▶ **Exercise instructions**
The expected answer is the set of lines in the data below between the line holding "Rattan Bar Seating: Set" and the line holding "En solo 4 párrafos, la", inclusive, written out exactly.

"""

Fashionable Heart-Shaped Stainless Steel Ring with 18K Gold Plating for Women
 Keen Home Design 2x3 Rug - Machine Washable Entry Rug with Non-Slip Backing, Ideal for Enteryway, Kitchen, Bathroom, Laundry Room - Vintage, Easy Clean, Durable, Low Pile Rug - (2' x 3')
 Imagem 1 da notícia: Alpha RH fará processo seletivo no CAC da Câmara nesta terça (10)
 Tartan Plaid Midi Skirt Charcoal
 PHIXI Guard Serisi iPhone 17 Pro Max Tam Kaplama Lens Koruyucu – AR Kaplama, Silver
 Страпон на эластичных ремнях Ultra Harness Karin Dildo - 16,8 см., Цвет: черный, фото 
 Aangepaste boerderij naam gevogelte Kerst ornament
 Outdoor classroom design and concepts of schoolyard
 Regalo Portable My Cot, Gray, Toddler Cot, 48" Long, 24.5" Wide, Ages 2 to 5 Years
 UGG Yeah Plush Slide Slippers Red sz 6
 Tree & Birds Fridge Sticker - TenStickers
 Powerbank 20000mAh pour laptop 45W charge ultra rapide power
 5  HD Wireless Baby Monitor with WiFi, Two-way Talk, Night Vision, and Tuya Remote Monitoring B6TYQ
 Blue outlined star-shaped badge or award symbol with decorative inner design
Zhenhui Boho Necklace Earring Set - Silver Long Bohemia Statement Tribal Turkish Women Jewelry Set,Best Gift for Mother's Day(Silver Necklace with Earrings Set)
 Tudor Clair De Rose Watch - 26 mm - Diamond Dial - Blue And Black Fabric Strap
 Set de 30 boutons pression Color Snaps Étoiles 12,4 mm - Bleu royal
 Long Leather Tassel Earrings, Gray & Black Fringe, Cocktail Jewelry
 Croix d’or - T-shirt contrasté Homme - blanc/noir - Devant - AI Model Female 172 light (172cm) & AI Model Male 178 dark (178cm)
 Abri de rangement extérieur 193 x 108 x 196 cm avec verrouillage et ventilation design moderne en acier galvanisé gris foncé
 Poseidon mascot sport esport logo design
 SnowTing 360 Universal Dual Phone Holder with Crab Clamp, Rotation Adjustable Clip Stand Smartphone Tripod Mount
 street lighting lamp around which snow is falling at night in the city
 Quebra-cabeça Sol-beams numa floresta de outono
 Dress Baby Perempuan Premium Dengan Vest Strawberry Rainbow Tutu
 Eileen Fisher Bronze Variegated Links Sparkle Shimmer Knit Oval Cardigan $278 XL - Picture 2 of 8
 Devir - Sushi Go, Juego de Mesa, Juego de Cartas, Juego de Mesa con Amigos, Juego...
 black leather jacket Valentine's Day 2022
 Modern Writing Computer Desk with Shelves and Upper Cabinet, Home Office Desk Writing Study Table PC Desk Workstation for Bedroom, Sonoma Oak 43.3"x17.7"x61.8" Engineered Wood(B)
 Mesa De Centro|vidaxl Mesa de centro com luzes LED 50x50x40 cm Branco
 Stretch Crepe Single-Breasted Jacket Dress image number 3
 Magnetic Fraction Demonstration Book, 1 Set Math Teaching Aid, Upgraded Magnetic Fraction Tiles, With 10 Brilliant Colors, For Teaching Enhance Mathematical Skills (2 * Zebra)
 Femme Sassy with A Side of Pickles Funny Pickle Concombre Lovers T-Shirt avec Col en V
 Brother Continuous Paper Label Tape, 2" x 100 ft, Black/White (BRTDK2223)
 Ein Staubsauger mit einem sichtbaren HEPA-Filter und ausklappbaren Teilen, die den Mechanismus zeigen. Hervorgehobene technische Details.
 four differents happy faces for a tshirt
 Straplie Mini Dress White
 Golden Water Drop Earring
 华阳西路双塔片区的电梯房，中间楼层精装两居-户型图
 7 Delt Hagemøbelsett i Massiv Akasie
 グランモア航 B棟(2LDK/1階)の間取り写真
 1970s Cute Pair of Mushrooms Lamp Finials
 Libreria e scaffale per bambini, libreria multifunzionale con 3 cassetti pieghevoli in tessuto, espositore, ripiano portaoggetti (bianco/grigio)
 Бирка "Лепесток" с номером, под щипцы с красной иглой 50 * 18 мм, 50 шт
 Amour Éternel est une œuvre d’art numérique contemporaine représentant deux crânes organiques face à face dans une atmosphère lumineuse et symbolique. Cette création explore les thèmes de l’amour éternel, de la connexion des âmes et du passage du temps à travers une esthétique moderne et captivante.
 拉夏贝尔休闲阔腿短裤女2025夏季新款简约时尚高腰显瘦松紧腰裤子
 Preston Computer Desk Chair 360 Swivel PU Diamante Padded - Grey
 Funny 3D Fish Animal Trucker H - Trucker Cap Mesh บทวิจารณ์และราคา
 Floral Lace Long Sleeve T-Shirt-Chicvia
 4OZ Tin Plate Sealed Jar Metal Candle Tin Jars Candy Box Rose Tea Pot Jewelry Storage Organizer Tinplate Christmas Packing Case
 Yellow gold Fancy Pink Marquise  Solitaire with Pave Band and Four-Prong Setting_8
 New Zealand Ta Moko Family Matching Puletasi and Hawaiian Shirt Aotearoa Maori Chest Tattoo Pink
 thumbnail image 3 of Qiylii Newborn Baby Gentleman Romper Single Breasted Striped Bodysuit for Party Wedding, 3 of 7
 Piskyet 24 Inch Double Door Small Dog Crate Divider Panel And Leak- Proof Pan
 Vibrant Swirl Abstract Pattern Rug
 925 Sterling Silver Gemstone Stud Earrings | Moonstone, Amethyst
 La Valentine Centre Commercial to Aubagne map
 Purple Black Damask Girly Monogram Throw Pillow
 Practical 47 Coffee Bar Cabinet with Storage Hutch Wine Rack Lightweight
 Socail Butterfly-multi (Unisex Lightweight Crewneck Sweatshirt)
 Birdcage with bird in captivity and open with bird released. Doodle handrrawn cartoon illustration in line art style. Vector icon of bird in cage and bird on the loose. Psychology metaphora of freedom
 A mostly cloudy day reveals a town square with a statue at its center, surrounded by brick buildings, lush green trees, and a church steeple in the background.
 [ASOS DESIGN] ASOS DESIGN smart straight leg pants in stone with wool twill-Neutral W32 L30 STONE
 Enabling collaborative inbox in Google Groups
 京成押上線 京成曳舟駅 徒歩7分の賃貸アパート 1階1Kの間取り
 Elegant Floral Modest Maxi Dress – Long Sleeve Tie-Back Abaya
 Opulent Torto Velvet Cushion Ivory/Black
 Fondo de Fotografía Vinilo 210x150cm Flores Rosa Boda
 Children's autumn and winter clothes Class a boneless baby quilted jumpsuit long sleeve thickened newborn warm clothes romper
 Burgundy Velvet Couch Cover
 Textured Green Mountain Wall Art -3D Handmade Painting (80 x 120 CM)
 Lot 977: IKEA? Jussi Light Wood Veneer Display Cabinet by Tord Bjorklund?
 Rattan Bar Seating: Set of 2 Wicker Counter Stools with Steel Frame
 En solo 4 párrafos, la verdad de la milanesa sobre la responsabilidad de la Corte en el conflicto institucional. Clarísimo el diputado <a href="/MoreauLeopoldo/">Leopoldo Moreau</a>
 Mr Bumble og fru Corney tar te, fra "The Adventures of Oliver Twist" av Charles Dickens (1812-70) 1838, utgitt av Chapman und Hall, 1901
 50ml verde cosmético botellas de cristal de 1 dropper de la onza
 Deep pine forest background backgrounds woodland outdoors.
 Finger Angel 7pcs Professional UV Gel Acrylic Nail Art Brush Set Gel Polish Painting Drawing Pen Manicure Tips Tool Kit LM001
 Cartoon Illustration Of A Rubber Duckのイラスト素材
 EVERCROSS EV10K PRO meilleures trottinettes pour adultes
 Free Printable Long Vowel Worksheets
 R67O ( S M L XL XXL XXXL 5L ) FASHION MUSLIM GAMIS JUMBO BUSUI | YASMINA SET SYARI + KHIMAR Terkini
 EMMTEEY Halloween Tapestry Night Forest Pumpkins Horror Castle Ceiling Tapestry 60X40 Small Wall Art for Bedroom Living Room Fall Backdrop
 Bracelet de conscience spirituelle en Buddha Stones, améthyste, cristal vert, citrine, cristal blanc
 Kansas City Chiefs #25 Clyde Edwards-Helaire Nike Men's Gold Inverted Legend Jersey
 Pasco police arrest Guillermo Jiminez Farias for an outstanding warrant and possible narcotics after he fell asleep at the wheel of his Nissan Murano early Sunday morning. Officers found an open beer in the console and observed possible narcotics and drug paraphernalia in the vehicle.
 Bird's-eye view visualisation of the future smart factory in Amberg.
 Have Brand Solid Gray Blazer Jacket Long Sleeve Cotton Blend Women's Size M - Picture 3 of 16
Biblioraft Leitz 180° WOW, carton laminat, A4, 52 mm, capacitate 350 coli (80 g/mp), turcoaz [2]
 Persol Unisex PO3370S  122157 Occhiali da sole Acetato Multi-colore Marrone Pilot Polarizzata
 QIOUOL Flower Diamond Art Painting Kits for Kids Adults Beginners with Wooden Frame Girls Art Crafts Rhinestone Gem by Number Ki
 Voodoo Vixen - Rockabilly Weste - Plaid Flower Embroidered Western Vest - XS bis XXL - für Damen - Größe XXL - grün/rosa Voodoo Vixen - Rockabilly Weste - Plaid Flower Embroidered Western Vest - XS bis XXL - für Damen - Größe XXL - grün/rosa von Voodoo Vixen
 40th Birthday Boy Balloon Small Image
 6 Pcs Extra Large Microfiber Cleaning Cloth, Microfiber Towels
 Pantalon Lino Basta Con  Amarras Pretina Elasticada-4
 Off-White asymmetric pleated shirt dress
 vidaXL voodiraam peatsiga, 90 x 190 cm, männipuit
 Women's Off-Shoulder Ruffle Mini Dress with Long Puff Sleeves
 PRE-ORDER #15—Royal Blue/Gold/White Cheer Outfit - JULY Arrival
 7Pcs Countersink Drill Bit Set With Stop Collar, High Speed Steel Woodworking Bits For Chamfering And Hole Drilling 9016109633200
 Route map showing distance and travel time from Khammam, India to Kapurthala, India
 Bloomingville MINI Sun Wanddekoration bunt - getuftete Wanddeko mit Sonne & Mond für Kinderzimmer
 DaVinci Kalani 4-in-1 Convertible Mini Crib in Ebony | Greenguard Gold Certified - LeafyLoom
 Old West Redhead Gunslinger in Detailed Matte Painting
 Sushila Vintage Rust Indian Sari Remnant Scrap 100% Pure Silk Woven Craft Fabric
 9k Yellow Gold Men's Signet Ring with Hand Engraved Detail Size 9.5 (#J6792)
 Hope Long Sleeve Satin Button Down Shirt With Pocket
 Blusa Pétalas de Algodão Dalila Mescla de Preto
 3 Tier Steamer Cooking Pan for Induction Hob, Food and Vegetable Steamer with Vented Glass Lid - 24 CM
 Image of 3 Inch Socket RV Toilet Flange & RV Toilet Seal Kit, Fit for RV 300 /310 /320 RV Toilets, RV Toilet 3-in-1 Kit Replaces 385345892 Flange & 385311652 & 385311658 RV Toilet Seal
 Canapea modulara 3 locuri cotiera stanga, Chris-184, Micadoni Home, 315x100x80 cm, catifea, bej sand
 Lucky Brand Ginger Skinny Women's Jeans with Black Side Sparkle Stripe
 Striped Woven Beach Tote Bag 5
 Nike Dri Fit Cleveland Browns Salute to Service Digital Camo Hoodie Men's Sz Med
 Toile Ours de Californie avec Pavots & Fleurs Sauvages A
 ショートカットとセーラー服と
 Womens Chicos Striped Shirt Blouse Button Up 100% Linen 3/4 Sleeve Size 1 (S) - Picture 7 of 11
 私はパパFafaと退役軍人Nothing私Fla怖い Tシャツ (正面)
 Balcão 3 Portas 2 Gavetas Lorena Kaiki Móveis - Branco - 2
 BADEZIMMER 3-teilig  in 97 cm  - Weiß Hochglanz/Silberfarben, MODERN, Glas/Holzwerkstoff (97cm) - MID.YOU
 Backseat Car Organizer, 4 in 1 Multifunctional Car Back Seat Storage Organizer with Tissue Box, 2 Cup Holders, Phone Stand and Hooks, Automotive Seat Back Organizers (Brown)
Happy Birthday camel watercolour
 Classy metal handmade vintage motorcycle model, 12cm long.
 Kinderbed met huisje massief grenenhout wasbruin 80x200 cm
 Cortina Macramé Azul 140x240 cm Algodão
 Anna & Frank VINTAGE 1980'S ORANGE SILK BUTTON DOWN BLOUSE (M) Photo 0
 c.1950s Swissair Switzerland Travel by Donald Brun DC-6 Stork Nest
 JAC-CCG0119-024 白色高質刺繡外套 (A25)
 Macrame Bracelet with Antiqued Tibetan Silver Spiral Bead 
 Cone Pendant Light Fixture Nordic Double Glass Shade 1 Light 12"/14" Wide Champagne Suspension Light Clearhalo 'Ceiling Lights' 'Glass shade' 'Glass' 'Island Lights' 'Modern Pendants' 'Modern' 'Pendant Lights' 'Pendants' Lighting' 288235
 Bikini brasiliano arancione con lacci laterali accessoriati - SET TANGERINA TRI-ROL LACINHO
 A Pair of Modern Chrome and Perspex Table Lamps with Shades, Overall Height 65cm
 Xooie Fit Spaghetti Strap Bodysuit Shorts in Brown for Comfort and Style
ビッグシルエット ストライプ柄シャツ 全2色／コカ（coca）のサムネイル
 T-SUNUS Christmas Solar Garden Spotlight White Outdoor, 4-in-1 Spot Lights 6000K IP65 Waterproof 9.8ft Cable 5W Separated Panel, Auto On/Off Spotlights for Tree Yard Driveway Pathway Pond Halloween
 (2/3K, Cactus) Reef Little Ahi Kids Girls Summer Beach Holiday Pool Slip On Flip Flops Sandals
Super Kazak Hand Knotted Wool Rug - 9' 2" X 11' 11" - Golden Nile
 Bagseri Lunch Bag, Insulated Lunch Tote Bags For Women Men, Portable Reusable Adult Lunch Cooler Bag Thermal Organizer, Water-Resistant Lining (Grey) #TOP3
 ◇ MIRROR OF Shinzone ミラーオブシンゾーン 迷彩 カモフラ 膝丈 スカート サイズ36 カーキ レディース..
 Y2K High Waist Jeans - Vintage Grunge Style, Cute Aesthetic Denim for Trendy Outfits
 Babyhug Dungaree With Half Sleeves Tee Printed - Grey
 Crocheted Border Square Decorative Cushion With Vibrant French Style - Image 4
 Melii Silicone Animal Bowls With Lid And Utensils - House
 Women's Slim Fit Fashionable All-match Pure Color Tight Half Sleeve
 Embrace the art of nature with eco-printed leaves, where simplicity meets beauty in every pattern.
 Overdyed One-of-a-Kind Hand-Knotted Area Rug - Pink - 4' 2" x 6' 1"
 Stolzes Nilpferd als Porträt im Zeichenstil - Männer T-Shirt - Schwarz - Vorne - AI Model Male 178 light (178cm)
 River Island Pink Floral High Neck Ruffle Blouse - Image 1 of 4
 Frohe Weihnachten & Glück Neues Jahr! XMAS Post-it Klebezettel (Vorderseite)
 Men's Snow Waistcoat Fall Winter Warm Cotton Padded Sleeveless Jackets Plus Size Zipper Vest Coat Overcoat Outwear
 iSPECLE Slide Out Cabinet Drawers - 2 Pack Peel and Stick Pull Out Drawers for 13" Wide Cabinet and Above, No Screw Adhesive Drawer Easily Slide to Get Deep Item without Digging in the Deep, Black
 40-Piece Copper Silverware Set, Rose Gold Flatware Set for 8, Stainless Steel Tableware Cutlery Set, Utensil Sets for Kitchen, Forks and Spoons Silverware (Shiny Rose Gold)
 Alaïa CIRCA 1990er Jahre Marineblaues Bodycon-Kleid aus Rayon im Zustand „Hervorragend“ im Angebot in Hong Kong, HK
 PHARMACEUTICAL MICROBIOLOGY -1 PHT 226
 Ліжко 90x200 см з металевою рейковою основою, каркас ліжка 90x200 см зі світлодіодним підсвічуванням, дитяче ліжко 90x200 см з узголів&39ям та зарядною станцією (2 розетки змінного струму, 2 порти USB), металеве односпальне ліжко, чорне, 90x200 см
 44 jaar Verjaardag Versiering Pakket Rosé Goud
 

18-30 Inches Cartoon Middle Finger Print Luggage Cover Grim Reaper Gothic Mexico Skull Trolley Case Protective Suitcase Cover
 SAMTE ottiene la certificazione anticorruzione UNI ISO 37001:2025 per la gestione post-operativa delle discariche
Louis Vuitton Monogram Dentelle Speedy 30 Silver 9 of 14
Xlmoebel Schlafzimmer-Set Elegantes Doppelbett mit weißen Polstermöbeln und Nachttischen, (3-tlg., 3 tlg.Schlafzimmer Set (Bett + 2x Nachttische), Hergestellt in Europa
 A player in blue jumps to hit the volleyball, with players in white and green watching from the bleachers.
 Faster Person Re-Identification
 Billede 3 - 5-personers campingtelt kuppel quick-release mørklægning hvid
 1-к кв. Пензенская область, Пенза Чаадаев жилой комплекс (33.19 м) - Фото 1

"""

▶ **Output for this task**
 Rattan Bar Seating: Set of 2 Wicker Counter Stools with Steel Frame
 En solo 4 párrafos, la verdad de la milanesa sobre la responsabilidad de la Corte en el conflicto institucional. Clarísimo el diputado <a href="/MoreauLeopoldo/">Leopoldo Moreau</a>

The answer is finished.